**How to complete this task**
Skip the images; return every entry exactly.

**Provided records**
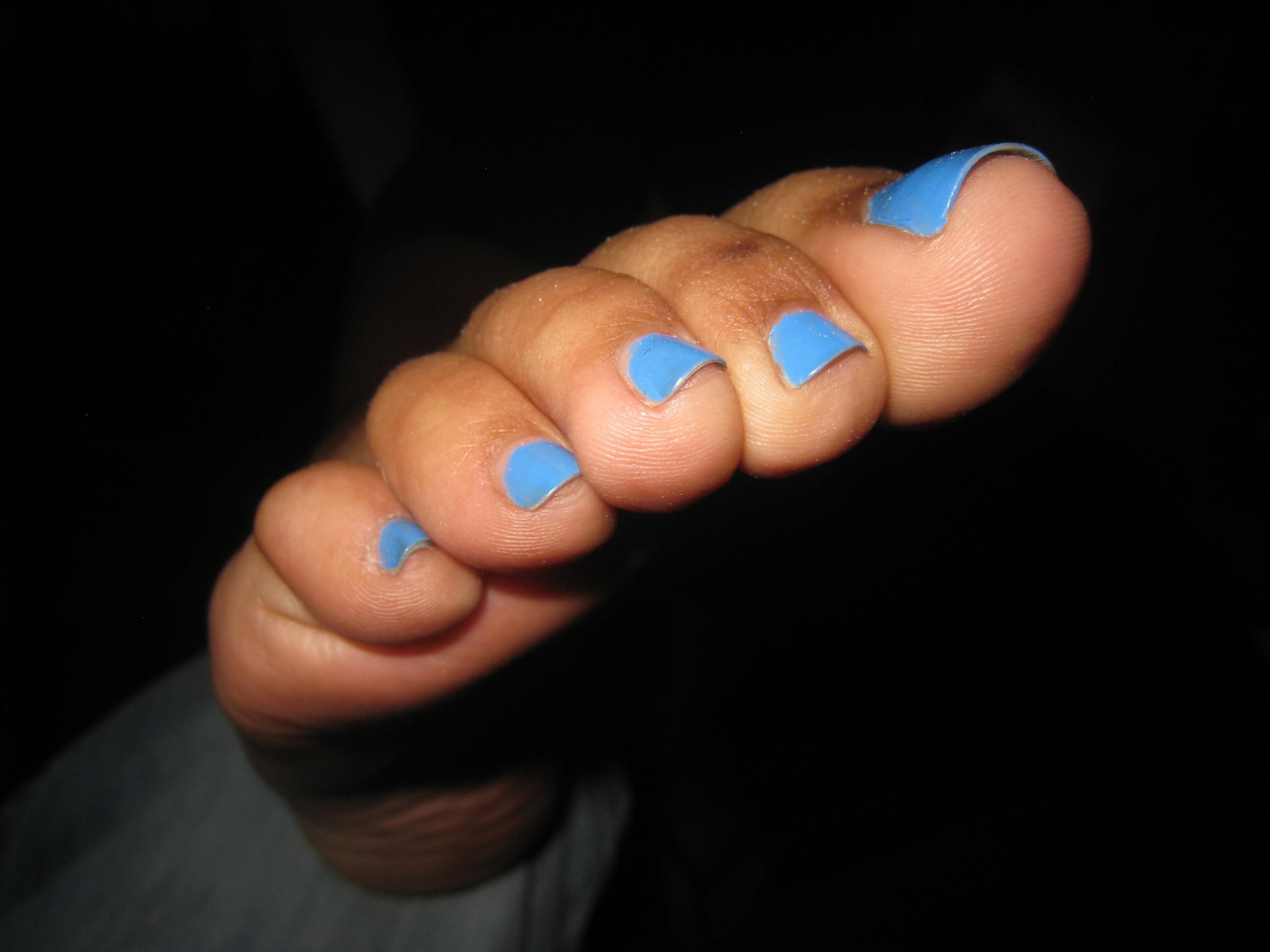Monica's Perfect Toe's 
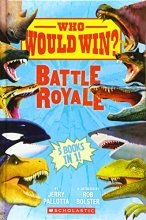 Cover art for Who Would Win?: Battle Royale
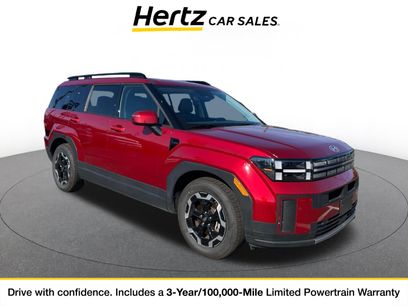 Used 2026 Hyundai Santa Fe SEL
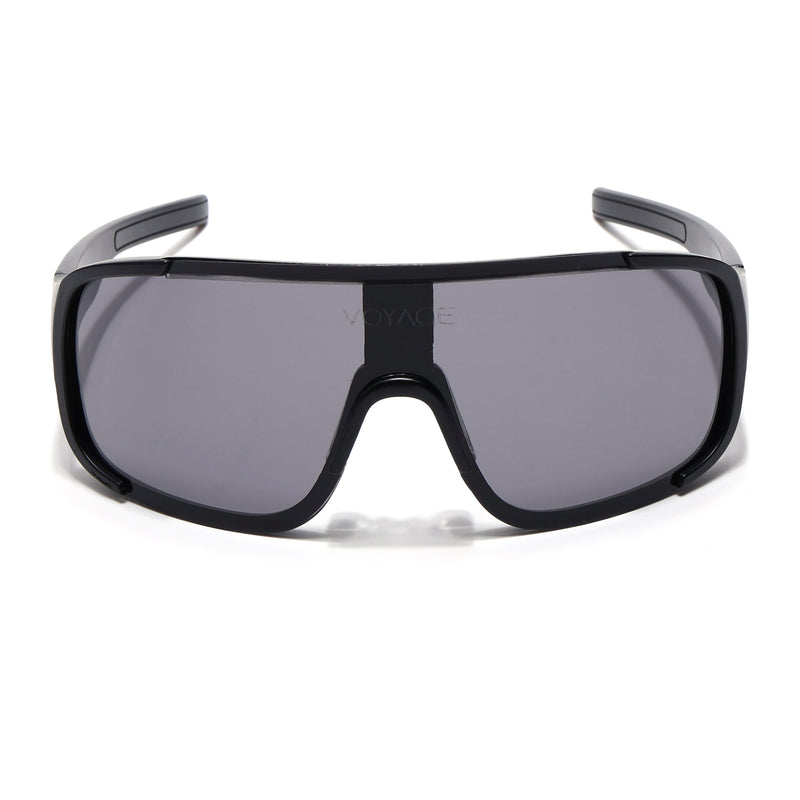 Drift Sunglasses (Black Lens | Black Frame - MG5513)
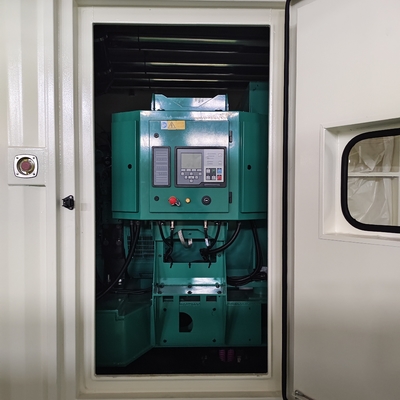 주문 1500kw 커민스 디젤 발전기 세트 1875kva 50Hz 컨테이너화 발전기 발전소 online manufacture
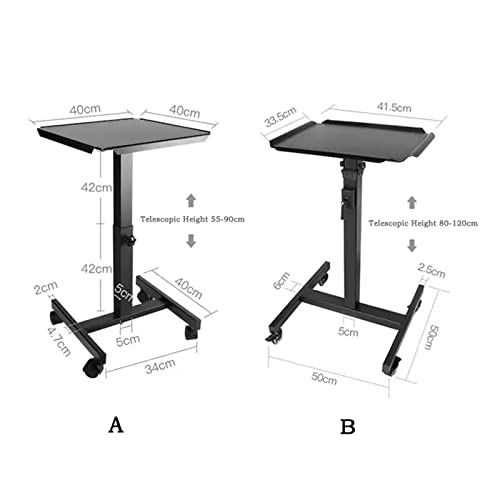 Soporte Universal Portátil para Proyector con Trípode Ajustable miniatura 2
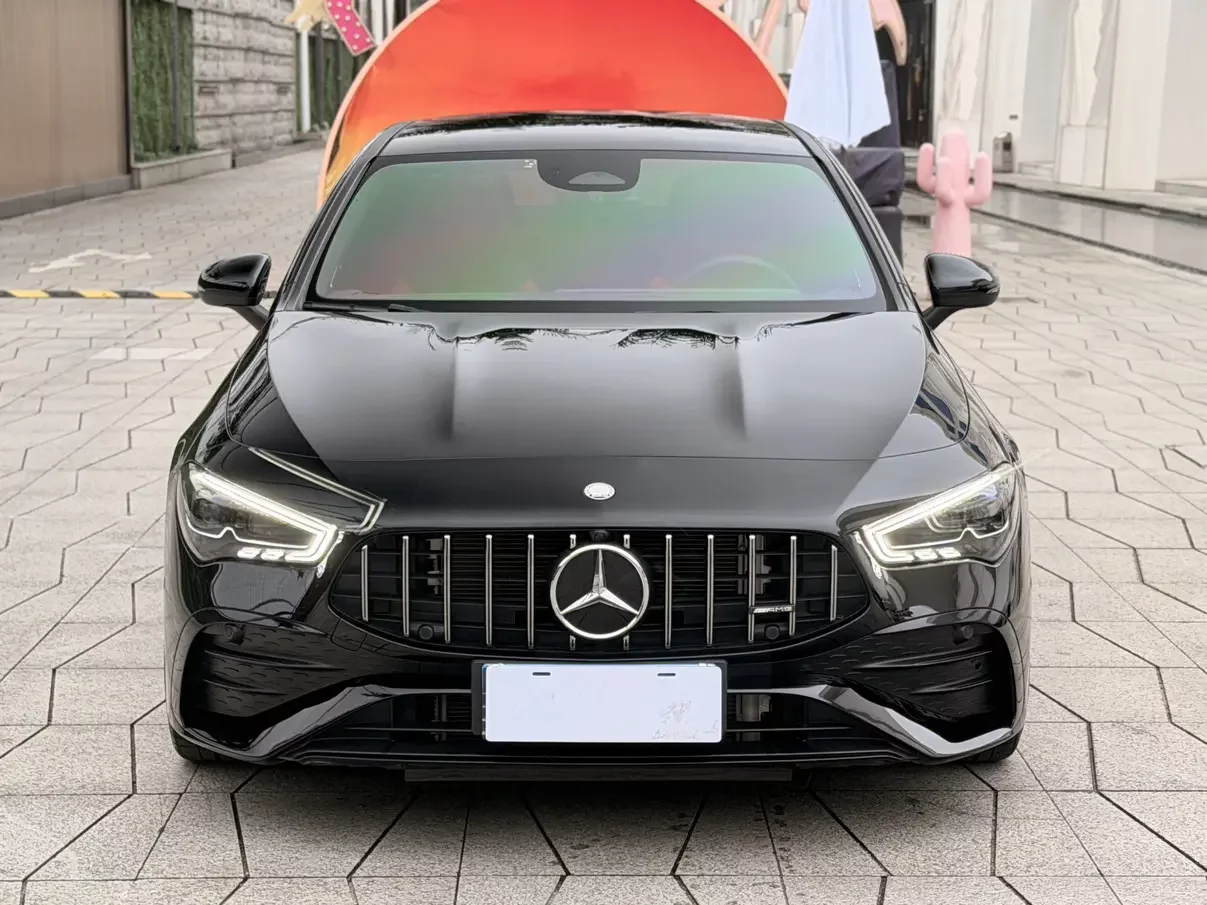 Mercedes-Benz Mercedes CLA AMG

**Result of this exercise**
Monica's Perfect Toe's 
 Cover art for Who Would Win?: Battle Royale
 Used 2026 Hyundai Santa Fe SEL
 Drift Sunglasses (Black Lens | Black Frame - MG5513)
 주문 1500kw 커민스 디젤 발전기 세트 1875kva 50Hz 컨테이너화 발전기 발전소 online manufacture
 Soporte Universal Portátil para Proyector con Trípode Ajustable miniatura 2
 Mercedes-Benz Mercedes CLA AMG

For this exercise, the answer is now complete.